* [TASK STATEMENT]: When you reach the line with "Piranha met Sly" in the data below, begin printing lines exactly, and stop once the line with "Tapis unique en" has been printed.

Records from a data source:

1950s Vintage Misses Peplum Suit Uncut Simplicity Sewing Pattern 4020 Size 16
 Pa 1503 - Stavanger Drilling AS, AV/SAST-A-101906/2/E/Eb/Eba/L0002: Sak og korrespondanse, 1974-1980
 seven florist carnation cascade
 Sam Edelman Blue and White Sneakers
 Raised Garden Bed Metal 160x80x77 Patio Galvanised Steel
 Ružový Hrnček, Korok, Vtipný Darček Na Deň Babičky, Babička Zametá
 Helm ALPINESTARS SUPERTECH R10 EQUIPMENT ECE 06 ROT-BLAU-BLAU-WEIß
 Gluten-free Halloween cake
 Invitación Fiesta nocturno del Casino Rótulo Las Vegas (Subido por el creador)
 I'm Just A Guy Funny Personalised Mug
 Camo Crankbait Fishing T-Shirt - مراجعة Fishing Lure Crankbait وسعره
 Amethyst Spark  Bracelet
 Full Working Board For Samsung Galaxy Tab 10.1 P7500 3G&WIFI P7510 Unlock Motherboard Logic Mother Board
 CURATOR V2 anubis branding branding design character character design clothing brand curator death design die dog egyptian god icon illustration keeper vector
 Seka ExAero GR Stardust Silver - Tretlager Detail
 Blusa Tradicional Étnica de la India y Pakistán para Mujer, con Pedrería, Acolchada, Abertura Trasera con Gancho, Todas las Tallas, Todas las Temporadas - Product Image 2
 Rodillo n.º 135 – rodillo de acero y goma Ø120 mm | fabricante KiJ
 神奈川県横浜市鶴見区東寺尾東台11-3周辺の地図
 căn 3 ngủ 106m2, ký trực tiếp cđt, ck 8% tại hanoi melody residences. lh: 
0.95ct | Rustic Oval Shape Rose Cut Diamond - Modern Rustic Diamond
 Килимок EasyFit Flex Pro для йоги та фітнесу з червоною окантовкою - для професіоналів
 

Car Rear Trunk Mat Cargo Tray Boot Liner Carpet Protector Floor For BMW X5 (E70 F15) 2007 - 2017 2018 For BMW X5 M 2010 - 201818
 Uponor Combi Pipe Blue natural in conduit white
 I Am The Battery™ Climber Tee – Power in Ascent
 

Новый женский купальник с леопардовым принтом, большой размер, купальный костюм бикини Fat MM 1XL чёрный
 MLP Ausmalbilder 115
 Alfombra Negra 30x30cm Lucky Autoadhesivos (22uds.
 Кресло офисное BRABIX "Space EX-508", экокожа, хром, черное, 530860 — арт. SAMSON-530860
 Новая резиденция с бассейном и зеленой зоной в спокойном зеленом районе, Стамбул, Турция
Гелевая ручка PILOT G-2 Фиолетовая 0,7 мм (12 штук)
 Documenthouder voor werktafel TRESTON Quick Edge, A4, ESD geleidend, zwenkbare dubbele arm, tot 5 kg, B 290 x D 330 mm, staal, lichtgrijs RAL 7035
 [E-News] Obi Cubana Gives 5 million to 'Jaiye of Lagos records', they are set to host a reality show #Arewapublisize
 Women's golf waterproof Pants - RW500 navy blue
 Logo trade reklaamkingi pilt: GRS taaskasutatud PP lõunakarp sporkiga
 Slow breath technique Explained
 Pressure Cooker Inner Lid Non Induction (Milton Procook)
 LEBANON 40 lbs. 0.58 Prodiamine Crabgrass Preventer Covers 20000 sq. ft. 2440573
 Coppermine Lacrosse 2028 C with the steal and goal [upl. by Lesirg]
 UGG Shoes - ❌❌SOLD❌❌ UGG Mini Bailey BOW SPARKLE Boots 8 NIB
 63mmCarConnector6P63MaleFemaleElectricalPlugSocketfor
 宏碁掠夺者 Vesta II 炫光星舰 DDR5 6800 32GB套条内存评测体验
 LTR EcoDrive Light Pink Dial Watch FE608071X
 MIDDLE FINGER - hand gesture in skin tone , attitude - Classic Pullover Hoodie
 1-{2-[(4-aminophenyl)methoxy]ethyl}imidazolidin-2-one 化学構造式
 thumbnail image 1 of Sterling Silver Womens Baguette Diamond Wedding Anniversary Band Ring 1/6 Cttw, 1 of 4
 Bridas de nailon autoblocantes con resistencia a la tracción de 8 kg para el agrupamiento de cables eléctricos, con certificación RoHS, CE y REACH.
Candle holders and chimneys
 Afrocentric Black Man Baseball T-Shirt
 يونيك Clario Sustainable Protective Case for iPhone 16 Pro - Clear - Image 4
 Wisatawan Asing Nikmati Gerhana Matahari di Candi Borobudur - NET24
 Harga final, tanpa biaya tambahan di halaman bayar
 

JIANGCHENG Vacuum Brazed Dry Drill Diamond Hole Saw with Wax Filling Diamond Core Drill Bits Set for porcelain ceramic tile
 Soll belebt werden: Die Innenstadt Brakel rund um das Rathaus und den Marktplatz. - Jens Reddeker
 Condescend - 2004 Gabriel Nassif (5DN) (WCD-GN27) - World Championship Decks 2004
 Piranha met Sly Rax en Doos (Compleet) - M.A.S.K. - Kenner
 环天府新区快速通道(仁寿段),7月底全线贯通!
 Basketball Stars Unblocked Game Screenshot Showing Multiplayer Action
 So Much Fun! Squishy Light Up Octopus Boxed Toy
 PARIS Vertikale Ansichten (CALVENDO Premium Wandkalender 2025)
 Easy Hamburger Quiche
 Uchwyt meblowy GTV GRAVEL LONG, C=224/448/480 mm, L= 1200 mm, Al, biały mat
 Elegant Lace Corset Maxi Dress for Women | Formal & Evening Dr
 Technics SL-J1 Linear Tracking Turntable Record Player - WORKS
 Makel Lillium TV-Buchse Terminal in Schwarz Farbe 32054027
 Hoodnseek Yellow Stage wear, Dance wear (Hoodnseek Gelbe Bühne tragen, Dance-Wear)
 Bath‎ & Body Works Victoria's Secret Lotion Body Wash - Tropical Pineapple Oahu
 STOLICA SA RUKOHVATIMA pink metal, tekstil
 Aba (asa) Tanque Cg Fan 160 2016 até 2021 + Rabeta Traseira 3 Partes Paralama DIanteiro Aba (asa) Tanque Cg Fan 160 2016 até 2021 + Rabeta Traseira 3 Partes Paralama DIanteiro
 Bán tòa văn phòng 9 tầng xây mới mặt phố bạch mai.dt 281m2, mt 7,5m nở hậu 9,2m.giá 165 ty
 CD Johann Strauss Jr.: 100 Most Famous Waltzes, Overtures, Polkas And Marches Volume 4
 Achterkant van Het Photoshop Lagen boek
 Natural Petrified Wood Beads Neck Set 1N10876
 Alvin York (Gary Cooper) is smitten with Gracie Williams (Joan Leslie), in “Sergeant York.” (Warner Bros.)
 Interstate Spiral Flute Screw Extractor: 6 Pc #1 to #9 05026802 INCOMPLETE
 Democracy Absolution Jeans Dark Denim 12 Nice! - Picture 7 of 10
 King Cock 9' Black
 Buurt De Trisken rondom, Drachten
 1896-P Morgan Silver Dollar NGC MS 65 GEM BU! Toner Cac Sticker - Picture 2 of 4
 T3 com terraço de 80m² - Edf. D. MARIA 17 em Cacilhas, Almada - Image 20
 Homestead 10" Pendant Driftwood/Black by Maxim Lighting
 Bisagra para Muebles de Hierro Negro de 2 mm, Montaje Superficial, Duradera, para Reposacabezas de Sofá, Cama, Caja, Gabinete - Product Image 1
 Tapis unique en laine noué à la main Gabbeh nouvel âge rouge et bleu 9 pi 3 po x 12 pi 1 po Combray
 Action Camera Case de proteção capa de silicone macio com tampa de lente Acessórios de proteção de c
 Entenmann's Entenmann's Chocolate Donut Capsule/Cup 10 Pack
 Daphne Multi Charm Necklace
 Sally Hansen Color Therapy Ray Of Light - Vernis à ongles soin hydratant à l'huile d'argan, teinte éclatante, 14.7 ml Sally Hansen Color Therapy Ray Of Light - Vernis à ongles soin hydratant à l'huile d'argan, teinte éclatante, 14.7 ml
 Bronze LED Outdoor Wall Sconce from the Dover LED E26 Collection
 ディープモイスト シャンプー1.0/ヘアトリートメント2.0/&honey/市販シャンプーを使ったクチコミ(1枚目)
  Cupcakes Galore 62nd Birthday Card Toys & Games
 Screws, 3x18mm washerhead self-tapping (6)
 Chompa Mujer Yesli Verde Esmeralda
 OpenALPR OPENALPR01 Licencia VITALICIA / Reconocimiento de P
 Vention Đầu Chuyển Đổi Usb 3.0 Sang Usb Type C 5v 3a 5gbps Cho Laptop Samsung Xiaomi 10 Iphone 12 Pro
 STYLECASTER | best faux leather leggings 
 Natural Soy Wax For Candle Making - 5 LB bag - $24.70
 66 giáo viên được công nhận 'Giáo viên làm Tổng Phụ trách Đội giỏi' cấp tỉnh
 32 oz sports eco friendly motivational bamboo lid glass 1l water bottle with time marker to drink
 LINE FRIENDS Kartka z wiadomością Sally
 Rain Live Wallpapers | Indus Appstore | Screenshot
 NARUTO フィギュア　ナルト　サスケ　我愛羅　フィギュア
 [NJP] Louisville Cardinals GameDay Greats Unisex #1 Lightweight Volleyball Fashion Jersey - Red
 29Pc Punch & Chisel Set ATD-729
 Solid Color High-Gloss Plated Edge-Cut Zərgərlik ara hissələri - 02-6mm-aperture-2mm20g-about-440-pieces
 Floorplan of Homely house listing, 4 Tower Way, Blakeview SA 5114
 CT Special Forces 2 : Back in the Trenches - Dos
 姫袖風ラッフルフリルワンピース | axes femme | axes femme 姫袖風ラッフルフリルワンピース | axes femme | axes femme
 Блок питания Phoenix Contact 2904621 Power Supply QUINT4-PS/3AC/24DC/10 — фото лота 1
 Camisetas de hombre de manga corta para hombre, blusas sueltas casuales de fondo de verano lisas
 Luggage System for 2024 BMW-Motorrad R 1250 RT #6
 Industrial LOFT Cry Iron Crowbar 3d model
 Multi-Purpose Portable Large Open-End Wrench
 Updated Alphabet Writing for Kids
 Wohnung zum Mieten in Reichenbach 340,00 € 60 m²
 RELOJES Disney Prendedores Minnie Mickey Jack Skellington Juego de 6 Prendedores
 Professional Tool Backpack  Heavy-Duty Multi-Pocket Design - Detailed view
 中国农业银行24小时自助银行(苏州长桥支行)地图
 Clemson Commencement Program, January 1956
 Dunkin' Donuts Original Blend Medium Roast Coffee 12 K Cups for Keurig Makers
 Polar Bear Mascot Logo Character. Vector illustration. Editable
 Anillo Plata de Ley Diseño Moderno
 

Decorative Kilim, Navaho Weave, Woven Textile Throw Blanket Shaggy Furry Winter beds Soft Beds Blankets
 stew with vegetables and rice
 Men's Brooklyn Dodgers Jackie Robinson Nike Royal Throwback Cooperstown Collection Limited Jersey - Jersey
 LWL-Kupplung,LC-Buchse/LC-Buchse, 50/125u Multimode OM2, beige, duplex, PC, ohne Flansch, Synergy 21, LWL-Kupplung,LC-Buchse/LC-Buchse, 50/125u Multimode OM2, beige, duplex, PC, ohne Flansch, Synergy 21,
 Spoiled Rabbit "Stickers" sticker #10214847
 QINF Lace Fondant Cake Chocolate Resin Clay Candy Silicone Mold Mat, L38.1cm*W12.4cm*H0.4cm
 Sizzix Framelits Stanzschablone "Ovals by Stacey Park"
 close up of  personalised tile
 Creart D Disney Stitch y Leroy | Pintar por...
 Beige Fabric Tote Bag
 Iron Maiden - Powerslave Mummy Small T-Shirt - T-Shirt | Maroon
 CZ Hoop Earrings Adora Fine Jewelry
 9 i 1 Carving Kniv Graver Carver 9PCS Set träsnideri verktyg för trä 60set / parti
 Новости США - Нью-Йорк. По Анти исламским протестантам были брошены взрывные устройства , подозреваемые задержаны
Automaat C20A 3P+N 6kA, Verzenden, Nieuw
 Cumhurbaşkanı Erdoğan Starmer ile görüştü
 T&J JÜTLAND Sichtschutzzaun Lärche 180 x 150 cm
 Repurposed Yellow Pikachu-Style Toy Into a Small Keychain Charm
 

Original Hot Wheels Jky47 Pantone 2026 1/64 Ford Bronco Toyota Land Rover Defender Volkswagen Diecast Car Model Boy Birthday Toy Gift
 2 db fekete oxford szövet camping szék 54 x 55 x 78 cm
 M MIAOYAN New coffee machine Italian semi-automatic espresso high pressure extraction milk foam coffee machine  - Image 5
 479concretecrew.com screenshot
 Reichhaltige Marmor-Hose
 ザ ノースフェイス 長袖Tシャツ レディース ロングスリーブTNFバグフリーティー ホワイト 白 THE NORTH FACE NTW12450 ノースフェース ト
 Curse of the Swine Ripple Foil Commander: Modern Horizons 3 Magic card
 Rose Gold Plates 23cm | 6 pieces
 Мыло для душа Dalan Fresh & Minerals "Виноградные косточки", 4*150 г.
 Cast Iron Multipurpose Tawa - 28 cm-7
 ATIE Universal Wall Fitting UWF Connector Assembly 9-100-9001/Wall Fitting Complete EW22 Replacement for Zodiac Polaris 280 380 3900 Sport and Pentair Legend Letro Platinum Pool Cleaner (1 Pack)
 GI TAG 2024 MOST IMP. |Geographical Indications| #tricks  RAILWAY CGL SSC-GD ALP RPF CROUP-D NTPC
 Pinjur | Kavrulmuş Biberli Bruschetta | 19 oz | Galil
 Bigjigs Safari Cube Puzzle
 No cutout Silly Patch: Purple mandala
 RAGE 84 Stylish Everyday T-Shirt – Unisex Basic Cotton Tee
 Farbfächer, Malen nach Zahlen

* [EXPECTED ANSWER]:
 Piranha met Sly Rax en Doos (Compleet) - M.A.S.K. - Kenner
 环天府新区快速通道(仁寿段),7月底全线贯通!
 Basketball Stars Unblocked Game Screenshot Showing Multiplayer Action
 So Much Fun! Squishy Light Up Octopus Boxed Toy
 PARIS Vertikale Ansichten (CALVENDO Premium Wandkalender 2025)
 Easy Hamburger Quiche
 Uchwyt meblowy GTV GRAVEL LONG, C=224/448/480 mm, L= 1200 mm, Al, biały mat
 Elegant Lace Corset Maxi Dress for Women | Formal & Evening Dr
 Technics SL-J1 Linear Tracking Turntable Record Player - WORKS
 Makel Lillium TV-Buchse Terminal in Schwarz Farbe 32054027
 Hoodnseek Yellow Stage wear, Dance wear (Hoodnseek Gelbe Bühne tragen, Dance-Wear)
 Bath‎ & Body Works Victoria's Secret Lotion Body Wash - Tropical Pineapple Oahu
 STOLICA SA RUKOHVATIMA pink metal, tekstil
 Aba (asa) Tanque Cg Fan 160 2016 até 2021 + Rabeta Traseira 3 Partes Paralama DIanteiro Aba (asa) Tanque Cg Fan 160 2016 até 2021 + Rabeta Traseira 3 Partes Paralama DIanteiro
 Bán tòa văn phòng 9 tầng xây mới mặt phố bạch mai.dt 281m2, mt 7,5m nở hậu 9,2m.giá 165 ty
 CD Johann Strauss Jr.: 100 Most Famous Waltzes, Overtures, Polkas And Marches Volume 4
 Achterkant van Het Photoshop Lagen boek
 Natural Petrified Wood Beads Neck Set 1N10876
 Alvin York (Gary Cooper) is smitten with Gracie Williams (Joan Leslie), in “Sergeant York.” (Warner Bros.)
 Interstate Spiral Flute Screw Extractor: 6 Pc #1 to #9 05026802 INCOMPLETE
 Democracy Absolution Jeans Dark Denim 12 Nice! - Picture 7 of 10
 King Cock 9' Black
 Buurt De Trisken rondom, Drachten
 1896-P Morgan Silver Dollar NGC MS 65 GEM BU! Toner Cac Sticker - Picture 2 of 4
 T3 com terraço de 80m² - Edf. D. MARIA 17 em Cacilhas, Almada - Image 20
 Homestead 10" Pendant Driftwood/Black by Maxim Lighting
 Bisagra para Muebles de Hierro Negro de 2 mm, Montaje Superficial, Duradera, para Reposacabezas de Sofá, Cama, Caja, Gabinete - Product Image 1
 Tapis unique en laine noué à la main Gabbeh nouvel âge rouge et bleu 9 pi 3 po x 12 pi 1 po Combray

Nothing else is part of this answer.